With more people performing individual work at home, Tate & Lyle made conscientious effort to shift their London office to a more collaborative, connective, and social space.
BDG Architecture + Design designed a crisp and welcoming environment to reflect the values of Tate & Lyle for their offices in London, England.
BDG developed a data-backed response by gathering insight from questionnaires, stakeholder interviews and online polls. This uncovered the fact that 71% of London-based employees see themselves in the office just 1-2 days a week and people expect a 20% increase in collaboration activities. This new workplace also represents a 33% reduction in floorplate compared with its old offices on Kingsway, Holborn reflecting Tate & Lyle’s determination to implement a radically different way of working.
While a higher proportion of people’s focused and individual tasks are now done at home, this office is a more collaborative space, accommodating a large volume of hybrid virtual and in-person meetings. Choice, variety and accessibility characterise a floorplate that’s engineered around the needs of the people who use it, with the warmth of a clean modern home but in an office environment.
The communal Hub is the cultural heart of the office. It provides space for people to meet, connect, socialise, share and celebrate as well as work, with the flexibility to host events, town halls and celebrations and transition its use through the day. There is a mix of seating from the tea point bar, composed of smooth and rough cast concrete and oak to the ‘family table’, also in oak to booth seating. The Hub is oriented to maximise connection to the terrace, blurring the line between inside and out.

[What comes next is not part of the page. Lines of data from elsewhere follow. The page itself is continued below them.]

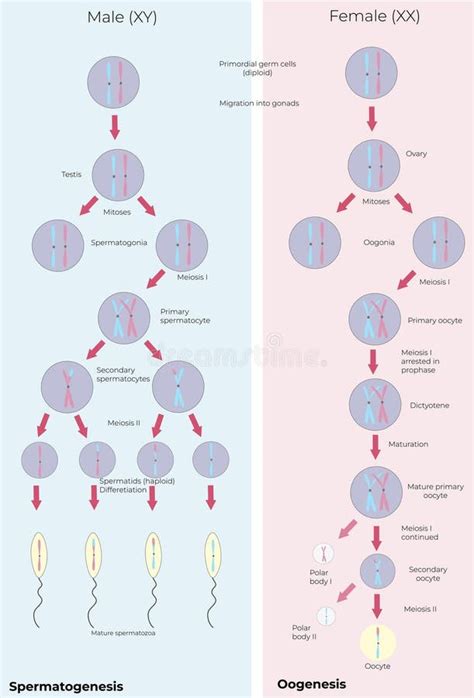 Spermatogenesis And Oogenesis Animation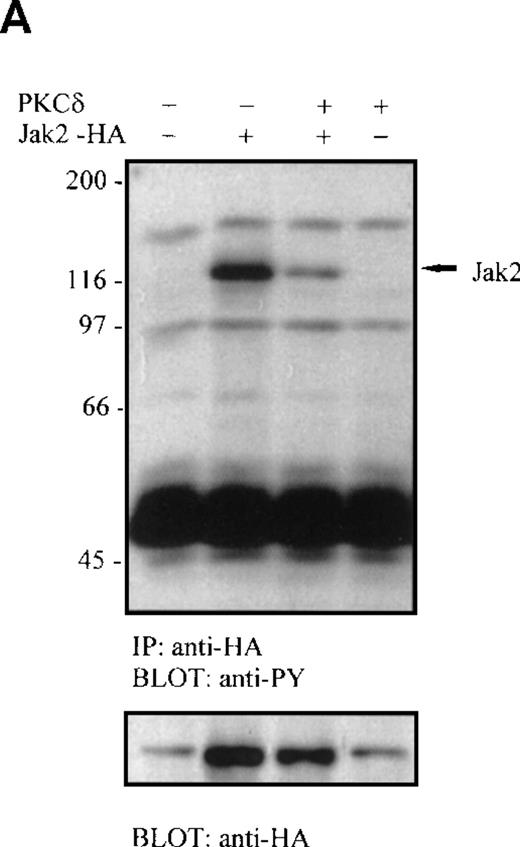 Fig. 4. Tyrosine phosphorylation and kinase activity of Jak2 are inhibited by PKC-δ. / (A) COS7 cells were transfected with HA-tagged Jak2 and PKC-δ expression plasmids, as indicated. Jak2 was immunoprecipitated with anti-HA antibody and subjected to anti-phosphotyrosine and subsequently anti-HA immunoblotting. (B) COS7 cells were transfected with Jak2, PKC-δ, and PKC-ζ expression plasmids, as indicated. Jak2 was immunoprecipitated and subjected to in vitro kinase assay using Stat1 tyrosine phosphorylation-site peptide as substrate. The reactions were separated on 20% SDS-PAGE, followed by autoradiography.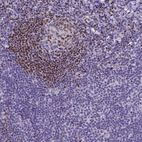 Immunohistochemical staining of human tonsil shows moderate nuclear positivity in germinal center cells.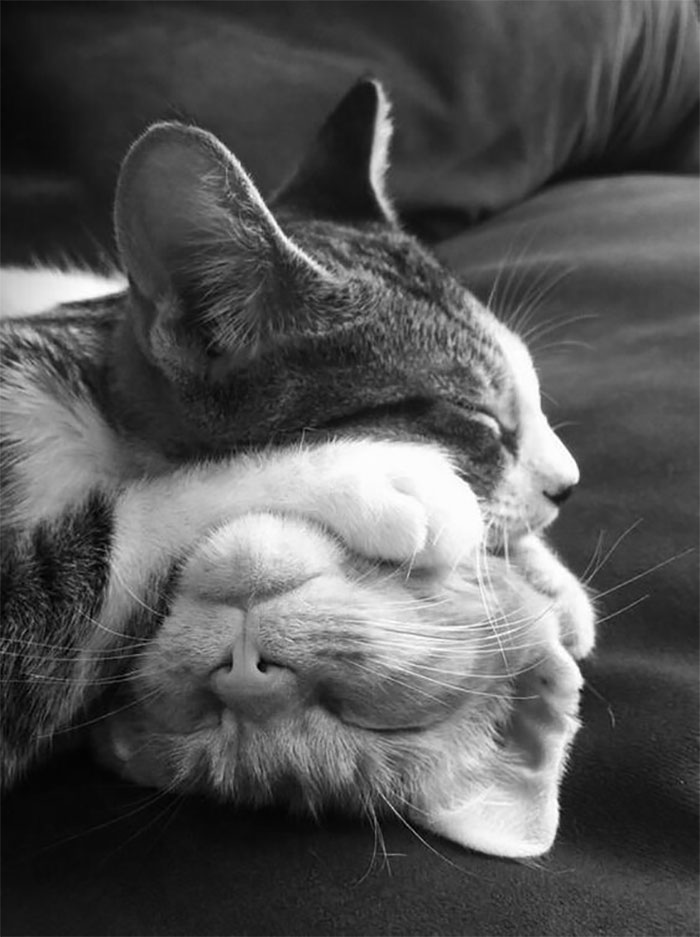 imágenes de gatitos durmiendo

Away from the buzz of the hub are a series of quieter support spaces that assist the wider activity of the office and the wellbeing of its people. Indeed the Wellbeing Room was one of the most wanted spaces from BDG’s workshops with Tate & Lyle employees, supporting their physical, emotional, occupational, intellectual and spiritual needs. Complementing the Wellbeing Room are the Contemplation and Parents Rooms, offering discreet and private space for individual use. There are also three Phone Rooms.
The flexible Boardroom provides the largest cellular meeting space in the scheme. It can split into two smaller rooms via a sliding folding partition that’s neatly concealed in the depth of the wall. Tucked in the quietest corner of the office is the Library. This is open to staff for focused individual work. The space has a workbench with dual monitors and ergonomic task chairs.
The Open Plan areas provide a bright, unfussy aesthetic, with a range of work settings from closed to open; individual to team working and from low to high. Workbenches and high benches wrap the building’s curved perimeter while a picture window accommodates a near circular sofa, creating a special place to gather, or host multiple small catch ups with expansive views over Hyde Park.
The Lounge, meanwhile, sits between a series of meeting and quiet working spaces and provides a comfortable breakout, waiting, hosting and meeting destination. As with the hub, the use of natural materials such as timber furniture and clayworks wall finishes here communicate the fact that Tate & Lyle is an environmentally-minded company specialising in plant-based ingredients.
Elsewhere, the colour palette incorporates the dark leaf tones found in the adjacent terrace and park on the upholstery of the collaboration setting. Flashes of coral plus stainless steel and crisp white reference a laboratory setting, a nod to the science-side of the business.